Tania, que nunca abandonou sua faceta de escritora, já estava, no início da década de 1980, decidida a embarcar na experiência de escrever um folhetim épico, sobre os anos 70 no Brasil e na América Latina. Com a morte de seu pai, que lhe deixou alguns imóveis, resolveu que era hora de colocar o desejo em prática e iniciou uma longa pesquisa de campo para conceber o "Beco da Velha" (origem do nome do site), que resultou em 14 volumes e cerca de 200 personagens: "O "Beco da Velha" foi concebido em cima da experiência jornalística e da pesquisa de campo, levando uns 14 anos para ser elaborado e envolvendo diversas viagens, inclusive aos ambientes da Guerrilha do Araguaia (dezenas e dezenas de depoimentos e testemunhos que deram base à ficção). Conta o dia-a-dia de uma comunidade aqui de Porto Alegre, que é o Beco da Velha", destaca.
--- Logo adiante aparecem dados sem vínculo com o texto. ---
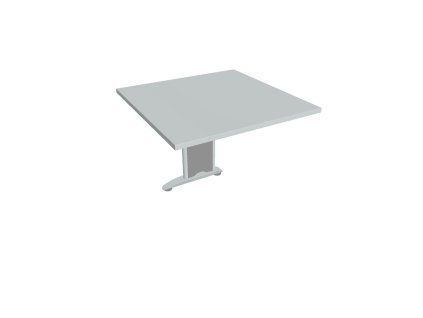 Doplnkový stôl Flex, 80x75,5x80 cm, sivý/kov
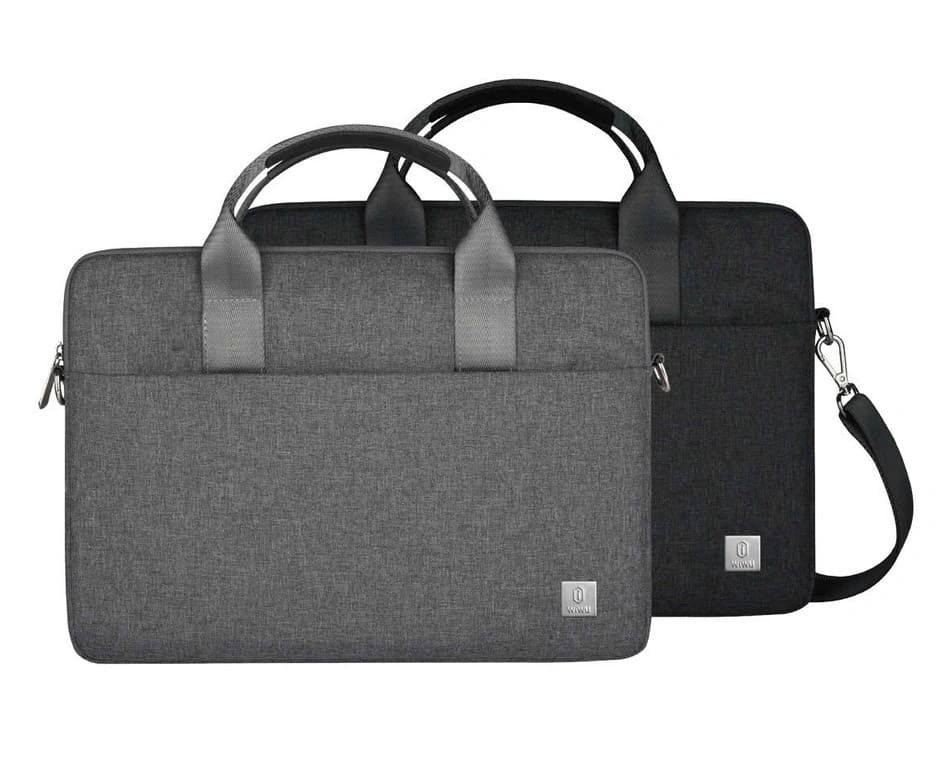 Сумка для ноутбука Wiwu Minimalist Laptop Bag 2 14", Gray. Фото 4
A obra segue inédita, mas a jornalista publicou, além de "Fuga" e "Adão e Eva", os livros de contos "O 35º Ano de Inês", "Vinde a mim os Pequeninos" e "Tradição, Família e Outras Estórias" e o romance autobiográfico "Mário/Vera". Também participou de mais de 20 antologias no Brasil e no exterior. Tania, que nunca se casou, começou a escrever o romance autobiográfico logo após a morte de Miguel, pai de seu único filho, Daniel, que ele mal chegou a conhecer. Os personagens Mário e Vera são, portanto, codinomes para Miguel e Tania. "Imediatamente após a morte, comecei a escrever, como catarse, mas depois não consegui mais. Só 10 anos depois mostrei o que tinha ao editor Carlos Appel e ele me incentivou a terminar. Sugeriu que me estendesse mais sobre o ambiente, o contexto geral. Então, tive que voltar atrás, fazer pesquisa para a minha autobiografia", conta. A história se passa no Brasil de 1962 a 1964.


Ligação com o lazer


Tânia tem dois netos, Davi Cainã, de 12 anos, do primeiro casamento de Daniel, e Leila, um ano, do segundo. O menino passa mais tempo com a avó - como pratica basquete no Grêmio Náutico União, costuma ir à sua casa (ela mora na Coronel Bordini e tem pavor das obras que acontecem atualmente na região) após os treinos. Baixinha, a jornalista explica como Davi pode jogar basquete: "Ele não puxou à avó!", brinca. Além de brincar com os netos, Tânia tem outros hobbies, embora diga que não é uma pessoa muito ligada a lazer: "Não sei se é porque sempre tive uma vida muito difícil?", divaga. Ela gosta de ouvir música, pintar e fazer miniaturas. Seu apartamento está cheio de suas pequenas esculturas, a maioria remontando a cenários de "Beco da Velha", e de seus quadros a óleo, que já renderam uma exposição, em 1958. Sem falar em ler e escrever: "Tudo me motiva. O problema é que o corpo vai ficando velho e deixando de acompanhar a cabeça".